Bzr development stopped
Martin Pool
mbp at sourcefrog.net
Fri Sep 14 00:56:33 UTC 2012
On 14 September 2012 04:55, Brian de Alwis <briandealwis at gmail.com> wrote:
> On 12-Sep-2012, at 11:29 AM, Toshio Kuratomi wrote:
>> Writing test cases, as he points out, are one of the
>> areas with a learning curve.
>
> FWIW: the run_bzr and run_script style of tests are really easy to set up. And I'm a total Python n00b. For example:
>
> def test_tiplog_limit(self):
> tree = self.make_branch_and_tree('.')
> tree.commit('message1', rev_id='rev-id')
>
> self.run_script("""
> $ bzr tiplog --date-format=X --limit 1 --show-ids
> X tip:0 rev-id jrandom at example.com [commit] message1
> """)
>
> Neil's bzr-colo tests were handy references.

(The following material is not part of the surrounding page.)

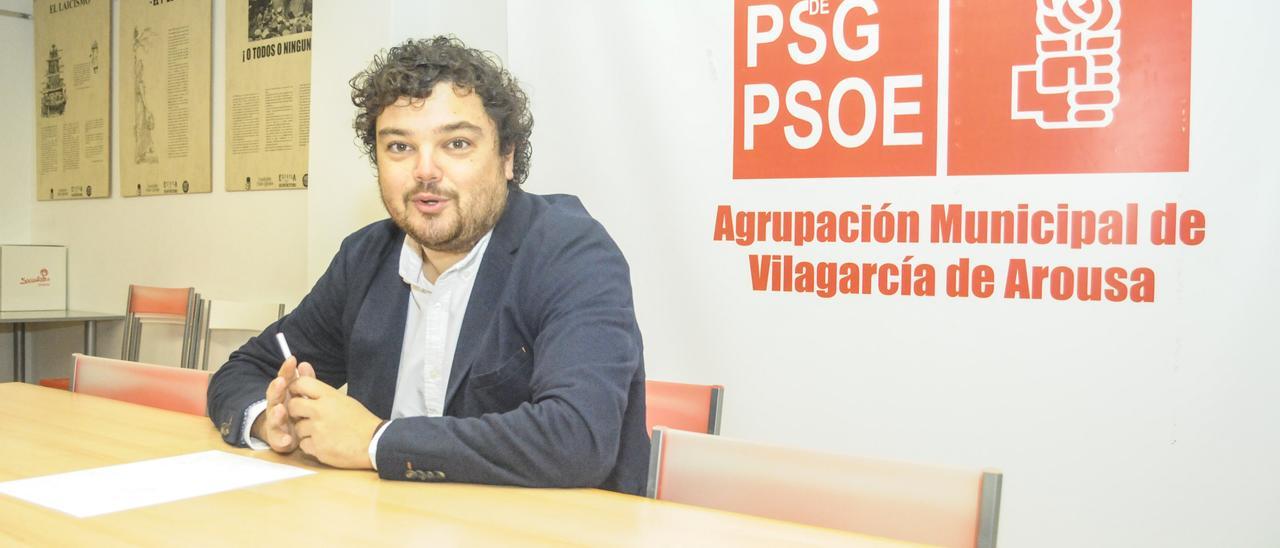 Julio Torrado, en la sede del PSOE de Vilagarcía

This is a really interesting point. I think we were right to
generally want to have tests for all changes, considering the
importance of bzr being reliable, but it was also a barrier to people
getting their first change in.
It's not so hard to add integration-type tests now: Vincent and I did
want to make it so that people who could just demonstrate the bug on
the command line could also write a test for it, and I'm glad you feel
we succeeded. On the other hand, shell-like tests are a reasonably
recent addition (2010?).
Even now the initialization of state for the tests is not as
straightforward as I would like.
There was some feeling that just having an integration test is ugly
and bad for code health. I see the point but you have to consider the
costs; for beginning patches I would rather have an integration test
than no fix or no test. Perhaps in part this was a reaction to very
early bzr having far too many integration tests (I think there's still
an ugly_tests module.)
Once we added the patch pilot process (2008?), part of that was that
the pilot would if necessary write the tests to get the fix landed.
Sometimes even the experienced pilots found it hard to write those
tests and they didn't always get around to it promptly.